That means six of the 11 named in the original “Black Friday” indictment have now been dealt with, aside from the sentencing which for all is pending. All six have admitted guilt to certain charges while bargaining for lesser punishments and not having their cases addressed in court. We’re talking about Campos, the four payment processors (Elie, Bradley Franzen, Ryan Lang, Ira Rubin), and Brent Beckley who was an original co-owner of Absolute Poker and handled their payments, too.
Meanwhile the “upper tier” figures -- Isai Scheinberg (PokerStars founder), Paul Tate (Director of Payments for Stars), Ray Bitar (Full Tilt Poker CEO), Nelson Burtwick (Director of Payments for FTP), and Scott Tom (Absolute co-owner) -- have yet to answer the charges against them.
Looking back at what everyone has pleaded guilty to thus far...

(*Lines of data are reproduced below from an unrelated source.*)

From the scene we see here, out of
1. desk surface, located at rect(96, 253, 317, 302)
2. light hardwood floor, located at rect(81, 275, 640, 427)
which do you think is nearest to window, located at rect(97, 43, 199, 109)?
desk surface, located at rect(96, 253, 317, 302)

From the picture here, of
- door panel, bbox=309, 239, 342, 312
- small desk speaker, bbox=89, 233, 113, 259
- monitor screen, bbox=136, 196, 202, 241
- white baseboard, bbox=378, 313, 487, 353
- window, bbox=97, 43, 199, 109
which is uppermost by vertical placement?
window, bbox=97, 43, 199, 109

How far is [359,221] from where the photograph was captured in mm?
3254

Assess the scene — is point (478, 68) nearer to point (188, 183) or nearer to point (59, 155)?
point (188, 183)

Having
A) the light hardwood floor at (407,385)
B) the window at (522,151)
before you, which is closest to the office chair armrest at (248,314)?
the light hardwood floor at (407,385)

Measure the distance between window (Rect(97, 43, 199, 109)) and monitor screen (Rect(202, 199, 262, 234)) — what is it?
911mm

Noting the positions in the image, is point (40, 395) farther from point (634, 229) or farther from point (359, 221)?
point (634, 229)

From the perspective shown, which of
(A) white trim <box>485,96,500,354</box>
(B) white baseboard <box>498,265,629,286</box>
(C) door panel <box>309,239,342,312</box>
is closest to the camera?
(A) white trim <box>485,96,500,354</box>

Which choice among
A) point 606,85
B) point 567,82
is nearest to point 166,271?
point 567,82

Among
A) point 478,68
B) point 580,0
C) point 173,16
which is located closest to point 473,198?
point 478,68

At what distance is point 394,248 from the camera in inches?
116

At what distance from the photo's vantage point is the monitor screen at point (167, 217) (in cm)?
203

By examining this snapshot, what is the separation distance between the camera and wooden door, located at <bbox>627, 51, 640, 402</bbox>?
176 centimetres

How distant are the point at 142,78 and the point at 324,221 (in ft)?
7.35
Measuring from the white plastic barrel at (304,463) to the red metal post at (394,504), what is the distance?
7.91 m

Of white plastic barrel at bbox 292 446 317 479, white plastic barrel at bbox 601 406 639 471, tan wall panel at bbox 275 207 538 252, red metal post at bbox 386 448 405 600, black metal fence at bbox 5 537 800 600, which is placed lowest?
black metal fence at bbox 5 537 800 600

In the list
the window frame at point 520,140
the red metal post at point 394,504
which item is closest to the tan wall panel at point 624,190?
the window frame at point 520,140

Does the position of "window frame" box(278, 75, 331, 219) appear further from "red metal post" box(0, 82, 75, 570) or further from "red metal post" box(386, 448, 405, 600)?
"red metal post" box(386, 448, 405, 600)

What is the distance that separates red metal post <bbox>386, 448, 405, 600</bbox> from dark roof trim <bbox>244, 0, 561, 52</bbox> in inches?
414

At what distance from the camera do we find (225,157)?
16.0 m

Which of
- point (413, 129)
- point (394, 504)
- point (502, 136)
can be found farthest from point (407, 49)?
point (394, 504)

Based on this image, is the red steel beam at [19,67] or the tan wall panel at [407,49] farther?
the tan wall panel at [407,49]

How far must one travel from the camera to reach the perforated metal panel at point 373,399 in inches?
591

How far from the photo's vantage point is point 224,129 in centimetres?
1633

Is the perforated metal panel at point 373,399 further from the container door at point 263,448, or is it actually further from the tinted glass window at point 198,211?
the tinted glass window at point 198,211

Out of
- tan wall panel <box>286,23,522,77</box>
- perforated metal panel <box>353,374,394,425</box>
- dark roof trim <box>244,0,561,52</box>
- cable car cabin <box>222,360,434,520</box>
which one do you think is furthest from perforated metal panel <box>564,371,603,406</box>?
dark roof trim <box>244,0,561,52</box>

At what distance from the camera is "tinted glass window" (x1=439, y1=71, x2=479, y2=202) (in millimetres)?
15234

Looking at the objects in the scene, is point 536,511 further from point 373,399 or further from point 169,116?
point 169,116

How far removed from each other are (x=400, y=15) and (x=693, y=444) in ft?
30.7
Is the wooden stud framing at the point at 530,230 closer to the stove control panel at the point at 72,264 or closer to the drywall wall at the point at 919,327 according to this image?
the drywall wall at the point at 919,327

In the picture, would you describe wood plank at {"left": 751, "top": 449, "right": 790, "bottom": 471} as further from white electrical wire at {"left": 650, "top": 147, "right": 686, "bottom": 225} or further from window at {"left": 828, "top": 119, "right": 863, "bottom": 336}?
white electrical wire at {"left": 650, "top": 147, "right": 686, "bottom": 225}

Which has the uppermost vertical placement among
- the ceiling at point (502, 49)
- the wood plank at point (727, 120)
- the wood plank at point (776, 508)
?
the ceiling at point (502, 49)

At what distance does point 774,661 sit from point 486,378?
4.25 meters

Franzen started out pleading not guilty in the days following Black Friday, but then a month later admitted to three of the counts related to bank fraud and money laundering. Later in December, Beckley admitted to conspiracy to commit bank and wire fraud.

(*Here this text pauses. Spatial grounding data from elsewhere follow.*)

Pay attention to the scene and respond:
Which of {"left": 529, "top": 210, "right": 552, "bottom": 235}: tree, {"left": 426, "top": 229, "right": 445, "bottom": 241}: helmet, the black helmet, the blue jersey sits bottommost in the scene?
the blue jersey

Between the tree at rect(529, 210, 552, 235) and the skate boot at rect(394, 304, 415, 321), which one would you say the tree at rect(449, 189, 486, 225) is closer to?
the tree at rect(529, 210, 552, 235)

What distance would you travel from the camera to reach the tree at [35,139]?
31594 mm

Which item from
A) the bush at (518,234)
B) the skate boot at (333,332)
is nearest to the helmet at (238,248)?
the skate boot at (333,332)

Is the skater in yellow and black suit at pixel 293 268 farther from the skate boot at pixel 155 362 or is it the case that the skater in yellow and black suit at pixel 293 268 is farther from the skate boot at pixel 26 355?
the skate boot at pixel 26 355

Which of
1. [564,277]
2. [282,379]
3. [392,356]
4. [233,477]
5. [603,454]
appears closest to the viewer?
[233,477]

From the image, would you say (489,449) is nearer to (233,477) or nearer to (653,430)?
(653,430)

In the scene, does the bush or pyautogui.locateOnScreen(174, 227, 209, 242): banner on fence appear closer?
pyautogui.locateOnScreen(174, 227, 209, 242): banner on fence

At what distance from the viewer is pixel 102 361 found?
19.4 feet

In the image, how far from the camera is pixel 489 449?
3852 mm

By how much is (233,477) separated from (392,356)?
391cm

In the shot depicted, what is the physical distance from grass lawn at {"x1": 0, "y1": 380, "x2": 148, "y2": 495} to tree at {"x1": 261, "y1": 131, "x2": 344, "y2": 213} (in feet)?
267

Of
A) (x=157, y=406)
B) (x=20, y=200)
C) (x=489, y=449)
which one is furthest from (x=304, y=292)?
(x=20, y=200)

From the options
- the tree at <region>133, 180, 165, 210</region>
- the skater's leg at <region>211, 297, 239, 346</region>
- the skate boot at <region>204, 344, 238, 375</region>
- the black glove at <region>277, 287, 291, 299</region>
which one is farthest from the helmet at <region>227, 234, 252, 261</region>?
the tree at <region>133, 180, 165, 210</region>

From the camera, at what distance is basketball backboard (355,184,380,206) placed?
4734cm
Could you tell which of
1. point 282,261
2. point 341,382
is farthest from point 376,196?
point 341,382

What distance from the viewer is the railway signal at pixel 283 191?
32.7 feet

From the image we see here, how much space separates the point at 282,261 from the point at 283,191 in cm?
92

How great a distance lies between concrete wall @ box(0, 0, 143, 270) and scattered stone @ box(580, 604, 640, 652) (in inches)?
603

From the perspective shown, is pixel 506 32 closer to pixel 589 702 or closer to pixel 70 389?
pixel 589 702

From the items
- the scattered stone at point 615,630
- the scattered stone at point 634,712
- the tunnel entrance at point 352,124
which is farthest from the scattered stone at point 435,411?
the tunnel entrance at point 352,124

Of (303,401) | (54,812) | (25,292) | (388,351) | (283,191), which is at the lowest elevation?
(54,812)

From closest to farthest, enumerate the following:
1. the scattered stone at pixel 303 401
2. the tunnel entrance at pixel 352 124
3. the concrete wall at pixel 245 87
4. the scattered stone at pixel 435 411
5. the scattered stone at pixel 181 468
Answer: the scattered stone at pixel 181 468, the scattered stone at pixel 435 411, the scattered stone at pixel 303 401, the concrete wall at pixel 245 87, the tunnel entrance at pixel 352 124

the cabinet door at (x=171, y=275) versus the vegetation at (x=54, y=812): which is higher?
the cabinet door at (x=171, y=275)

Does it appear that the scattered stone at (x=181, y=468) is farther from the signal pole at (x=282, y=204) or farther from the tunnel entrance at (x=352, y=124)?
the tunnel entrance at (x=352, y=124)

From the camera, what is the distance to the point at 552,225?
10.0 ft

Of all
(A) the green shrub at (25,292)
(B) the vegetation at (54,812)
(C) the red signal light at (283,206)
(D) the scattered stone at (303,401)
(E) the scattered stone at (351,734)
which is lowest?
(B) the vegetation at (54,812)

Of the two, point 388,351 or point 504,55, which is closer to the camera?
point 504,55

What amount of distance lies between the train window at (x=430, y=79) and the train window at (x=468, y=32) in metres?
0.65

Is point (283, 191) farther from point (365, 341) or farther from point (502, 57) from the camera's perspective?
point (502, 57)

In January of this year Rubin pleaded guilty to conspiracy charges having to do with bank and wire fraud, money laundering, and illegal gambling. Then last month Lang pleaded guilty to violating the Unlawful Internet Gambling Enforcement Act of 2006 plus three other counts.
Now Elie has admitted to conspiring to commit bank fraud and operating an illegal business, and while we’ll get more details regarding Campos’ deal soon, he, too, is likely admitting to something similar.

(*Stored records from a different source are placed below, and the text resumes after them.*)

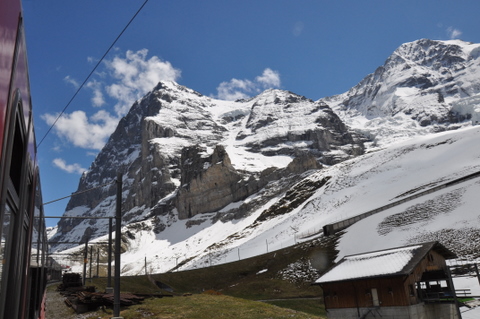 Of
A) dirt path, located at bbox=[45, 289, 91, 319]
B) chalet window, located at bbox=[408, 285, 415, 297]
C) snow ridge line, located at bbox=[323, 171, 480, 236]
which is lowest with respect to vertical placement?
chalet window, located at bbox=[408, 285, 415, 297]

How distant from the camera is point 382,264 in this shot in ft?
98.4

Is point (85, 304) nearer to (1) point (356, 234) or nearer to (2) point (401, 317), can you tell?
(2) point (401, 317)

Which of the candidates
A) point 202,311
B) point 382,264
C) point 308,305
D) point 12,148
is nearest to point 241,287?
point 308,305

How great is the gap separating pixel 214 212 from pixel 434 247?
15871 cm

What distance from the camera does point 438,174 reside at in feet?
310

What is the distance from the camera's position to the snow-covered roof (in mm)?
28094

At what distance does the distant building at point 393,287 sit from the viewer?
1073 inches

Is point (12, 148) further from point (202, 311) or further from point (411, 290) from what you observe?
point (411, 290)

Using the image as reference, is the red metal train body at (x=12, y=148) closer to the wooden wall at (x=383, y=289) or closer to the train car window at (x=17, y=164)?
the train car window at (x=17, y=164)

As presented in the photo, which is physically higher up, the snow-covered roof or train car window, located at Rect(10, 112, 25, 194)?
train car window, located at Rect(10, 112, 25, 194)

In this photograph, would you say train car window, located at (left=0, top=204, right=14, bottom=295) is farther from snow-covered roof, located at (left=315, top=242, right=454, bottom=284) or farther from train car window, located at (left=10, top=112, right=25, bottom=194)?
snow-covered roof, located at (left=315, top=242, right=454, bottom=284)

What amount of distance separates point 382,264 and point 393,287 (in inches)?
107

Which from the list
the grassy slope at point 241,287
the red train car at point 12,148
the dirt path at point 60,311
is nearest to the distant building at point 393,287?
the grassy slope at point 241,287

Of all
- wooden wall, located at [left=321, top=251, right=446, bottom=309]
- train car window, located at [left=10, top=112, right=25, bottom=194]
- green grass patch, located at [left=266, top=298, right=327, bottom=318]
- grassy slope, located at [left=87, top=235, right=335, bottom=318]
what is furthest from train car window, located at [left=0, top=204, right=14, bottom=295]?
green grass patch, located at [left=266, top=298, right=327, bottom=318]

The deals struck by Elie and Campos came just days after we’d heard that Daniel Tzvetkoff, the Aussie payment processor turned “supergrass,” was scheduled to appear as a prosecution witness in the pair’s trial. It was Tzvetkoff whose 2009 arrest for violating the UIGEA, bank fraud, and money laundering ultimately led to the feds gathering enough evidence to proceed with the Black Friday indictment and civil complaint. In other words, he’s made a deal, too.
Seemed pretty clear during that first week or two following Black Friday that the chance of seeing any trials was going to be slim. The avalanche of counts against defendants pretty much guaranteed deal-making would be happening for those who chose to answer the charges. And for those who have chosen not to it is no surprise to see them steering clear of the U.S. and other places with extradition agreements.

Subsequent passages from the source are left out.